About Me: Many of the greens we grow can be harvested as a baby size or full grown (bunched). The full grown size greens are often thicker, hardier, and pack a more flavourful punch. These greens can be eaten raw or cooked. Most of them do very well when frozen and can be enjoyed all winter long in soups and stews.

The baby greens are more tender, better in salads or lightly cooked. Our baby greens come in compostable paper bags. 

Arugula, or roquette, has a beautiful peppery flavor. Arugula is rich in vitamins A, K, and folate. Arugula is always grown as a baby green in order to maintain a nice flavour. Use in salads, in pesto, soups, on top of sandwiches, or pizzas. This is a tender green and is best used fresh or thrown in/on a dish at the very end, in order to wilt the greens.

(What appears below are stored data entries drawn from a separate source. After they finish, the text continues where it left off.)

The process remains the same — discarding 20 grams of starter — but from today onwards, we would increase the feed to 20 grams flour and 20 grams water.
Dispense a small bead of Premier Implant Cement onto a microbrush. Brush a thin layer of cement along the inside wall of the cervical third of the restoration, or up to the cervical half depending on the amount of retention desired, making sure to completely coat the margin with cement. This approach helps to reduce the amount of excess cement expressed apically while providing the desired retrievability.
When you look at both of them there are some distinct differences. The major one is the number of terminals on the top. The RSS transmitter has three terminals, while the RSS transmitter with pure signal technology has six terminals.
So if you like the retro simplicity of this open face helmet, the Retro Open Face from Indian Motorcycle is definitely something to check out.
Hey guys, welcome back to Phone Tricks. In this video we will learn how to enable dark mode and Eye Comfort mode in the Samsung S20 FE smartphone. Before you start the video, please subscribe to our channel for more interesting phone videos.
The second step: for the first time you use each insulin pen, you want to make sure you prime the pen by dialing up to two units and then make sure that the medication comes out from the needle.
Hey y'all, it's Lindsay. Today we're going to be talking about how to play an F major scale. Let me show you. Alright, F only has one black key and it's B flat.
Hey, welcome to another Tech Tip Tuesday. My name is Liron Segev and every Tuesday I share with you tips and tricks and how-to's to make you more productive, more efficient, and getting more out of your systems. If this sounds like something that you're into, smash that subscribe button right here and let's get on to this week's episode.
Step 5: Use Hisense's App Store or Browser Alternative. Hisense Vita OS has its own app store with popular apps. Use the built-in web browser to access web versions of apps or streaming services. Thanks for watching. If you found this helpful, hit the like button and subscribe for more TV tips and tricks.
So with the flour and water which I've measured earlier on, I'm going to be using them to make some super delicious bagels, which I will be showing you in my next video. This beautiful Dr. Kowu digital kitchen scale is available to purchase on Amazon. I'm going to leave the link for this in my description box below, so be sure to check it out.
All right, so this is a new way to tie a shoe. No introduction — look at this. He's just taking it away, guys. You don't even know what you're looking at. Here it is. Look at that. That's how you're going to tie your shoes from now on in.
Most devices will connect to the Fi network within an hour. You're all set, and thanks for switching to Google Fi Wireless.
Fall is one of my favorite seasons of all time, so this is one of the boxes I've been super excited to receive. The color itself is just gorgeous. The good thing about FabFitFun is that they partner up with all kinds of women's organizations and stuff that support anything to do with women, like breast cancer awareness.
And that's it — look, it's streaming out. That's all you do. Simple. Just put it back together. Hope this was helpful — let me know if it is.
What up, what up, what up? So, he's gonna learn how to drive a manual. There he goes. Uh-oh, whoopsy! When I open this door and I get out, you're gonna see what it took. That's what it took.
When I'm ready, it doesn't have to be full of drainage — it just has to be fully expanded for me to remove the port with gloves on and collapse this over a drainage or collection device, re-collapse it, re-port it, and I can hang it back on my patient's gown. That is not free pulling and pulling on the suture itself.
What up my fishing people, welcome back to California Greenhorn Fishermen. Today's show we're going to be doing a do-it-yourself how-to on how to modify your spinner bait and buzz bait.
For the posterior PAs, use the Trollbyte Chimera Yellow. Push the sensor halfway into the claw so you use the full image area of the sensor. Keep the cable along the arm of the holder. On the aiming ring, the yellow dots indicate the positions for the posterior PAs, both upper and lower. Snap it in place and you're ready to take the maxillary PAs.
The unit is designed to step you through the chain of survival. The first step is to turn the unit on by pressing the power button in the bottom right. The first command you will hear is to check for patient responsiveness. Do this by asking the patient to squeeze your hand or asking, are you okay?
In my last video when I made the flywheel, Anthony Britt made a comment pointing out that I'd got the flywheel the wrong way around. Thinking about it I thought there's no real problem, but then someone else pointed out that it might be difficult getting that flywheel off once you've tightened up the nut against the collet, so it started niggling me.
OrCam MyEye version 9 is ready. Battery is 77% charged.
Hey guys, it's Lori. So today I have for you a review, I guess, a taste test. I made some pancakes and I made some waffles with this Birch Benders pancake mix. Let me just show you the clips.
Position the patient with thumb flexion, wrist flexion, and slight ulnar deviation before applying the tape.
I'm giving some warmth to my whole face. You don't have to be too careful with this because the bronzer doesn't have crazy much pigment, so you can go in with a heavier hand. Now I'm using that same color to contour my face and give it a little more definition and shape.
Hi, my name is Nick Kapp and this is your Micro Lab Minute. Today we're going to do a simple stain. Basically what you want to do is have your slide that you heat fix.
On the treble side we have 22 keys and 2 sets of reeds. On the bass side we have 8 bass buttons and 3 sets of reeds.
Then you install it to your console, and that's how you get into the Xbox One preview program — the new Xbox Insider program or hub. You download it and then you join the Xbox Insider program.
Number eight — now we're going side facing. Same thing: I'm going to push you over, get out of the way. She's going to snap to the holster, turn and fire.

Beet Greens are just the leaves of beets. They can be harvested as young baby greens which are more tender or grown out and develop into thicker leaf with a beautiful earthy flavour. Bunched beet greens are always best cooked. 

Braising Mix can be a number of different greens we mix together but usually from the mustard family (Ex: Mizuna, Red Giant, etc.). Because the leaves are full grown they usually have a lot more spice to them and are thicker than the baby green version which is why we suggest cooking them.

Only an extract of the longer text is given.